Abstract 776P
Background
Bladder cancer is a disease of the elderly and this frail patient population, or patients with significant comorbidities, are ineligible for cystectomy or standard radiation and chemotherapy. We are conducting a study in a chemotherapy and cystectomy ineligible patient population with the combination of a programmed death (PD-1) inhibitor, nivolumab, and radiation therapy in localized/locally advanced urothelial cancer patients.
Methods
Eligible patients have muscle invasive bladder cancer (MIBC) and are not candidates for standard chemoradiation strategy due to at least one of the following criteria: performance status of 2, creatinine clearance < 60ml/min or cardiac disease, neuropathy, or intolerance to previous treatment that would render the patient ineligible for chemotherapy. The primary endpoint is progression free survival (PFS) rate at 12 months. Nivolumab is started within 3 days of radiation therapy and is administered at the dose of 240 mg intravenously every 2 weeks for a maximum of 6 months. Total radiation dose of 64 gray in 32 fractions was administered per standard of care for bladder cancer. If local lymph nodes were clinically involved, they had to be radiated.
Results
To date, 17 patients have been enrolled; median age is 78 years (range 54 to 95 years) 13 males and 4 females, Median creatinine clearance was 51ml/min (range 26-123ml/min). Four patients were clinical stage T3 /T4 and one patient had N1 disease. Nivolumab and radiation therapy toxicities were as expected: 5 patients needed steroids due to immune-mediated adverse events; diarrhoea in 2, thyroid dysfunction in 2 and immune cystitis in 1 patient. No treatment related deaths were noted. 6 of 14 patients demonstrated complete response, 4 had residual T1 disease or carcinoma in situ and 4 had disease progression. PDL-1 combined positive score (CPS) was <1% in all non responders except one patient with CPS of 5%. PFS and overall survival outcome data will be presented.
Conclusions
Concurrent nivolumab and radiation therapy is tolerable and showed promising early efficacy in an elderly population with multiple comorbidities. PDL-1 expression is a potential biomarker to guide patient selection.

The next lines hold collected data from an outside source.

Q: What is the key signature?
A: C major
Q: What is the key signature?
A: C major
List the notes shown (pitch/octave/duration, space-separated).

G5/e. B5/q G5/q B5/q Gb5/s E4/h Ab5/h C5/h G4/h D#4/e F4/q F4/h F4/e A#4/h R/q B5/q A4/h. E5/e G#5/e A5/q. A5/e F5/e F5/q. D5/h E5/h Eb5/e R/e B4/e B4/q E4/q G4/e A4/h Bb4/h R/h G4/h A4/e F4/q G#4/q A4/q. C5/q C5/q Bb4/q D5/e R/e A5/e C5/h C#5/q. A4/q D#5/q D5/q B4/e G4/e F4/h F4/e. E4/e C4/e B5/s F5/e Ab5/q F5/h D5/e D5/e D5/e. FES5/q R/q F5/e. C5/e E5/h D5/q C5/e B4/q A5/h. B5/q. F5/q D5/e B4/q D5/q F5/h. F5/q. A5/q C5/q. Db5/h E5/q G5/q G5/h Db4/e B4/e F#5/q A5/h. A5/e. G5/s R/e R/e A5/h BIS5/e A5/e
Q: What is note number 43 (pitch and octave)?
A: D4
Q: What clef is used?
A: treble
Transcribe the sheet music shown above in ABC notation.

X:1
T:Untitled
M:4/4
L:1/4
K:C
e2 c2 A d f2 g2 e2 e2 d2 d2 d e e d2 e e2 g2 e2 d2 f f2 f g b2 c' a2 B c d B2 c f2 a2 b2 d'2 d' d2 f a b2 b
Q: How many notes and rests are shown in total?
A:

Clinical trial identification
NCT03421652.
Editorial acknowledgement
Legal entity responsible for the study
Karmanos Cancer Center.
Funding
Bristol Myers Squibb Inc.
Disclosure
U.N. Vaishampayan: Honoraria (self), Research grant/Funding (institution): Bristol Myers Squibb; Honoraria (self): Bayer; Honoraria (self), Research grant/Funding (self): Exelixis; Honoraria (self): Pfizer; Honoraria (self), Research grant/Funding (institution): Astellas; Advisory/Consultancy, Research grant/Funding (institution): Alkermes; Advisory/Consultancy, Research grant/Funding (institution): Merck. S. George: Honoraria (self), Advisory/Consultancy, Research grant/Funding (self): BMS; Advisory/Consultancy, Research grant/Funding (institution): Pfizer; Advisory/Consultancy, Research grant/Funding (institution): Merck; Research grant/Funding (institution): Agensys; Research grant/Funding (institution): Novartis; Advisory/Consultancy, Research grant/Funding (institution): Bayer; Advisory/Consultancy, Research grant/Funding (institution): Eisai; Advisory/Consultancy, Research grant/Funding (institution): Astellas; Research grant/Funding (institution): Calithera; Research grant/Funding (institution): Immunomedics; Advisory/Consultancy: EMD Serono; Advisory/Consultancy: Genentech; Advisory/Consultancy, Research grant/Funding (institution): Corvus; Advisory/Consultancy: Exelixis. All other authors have declared no conflicts of interest.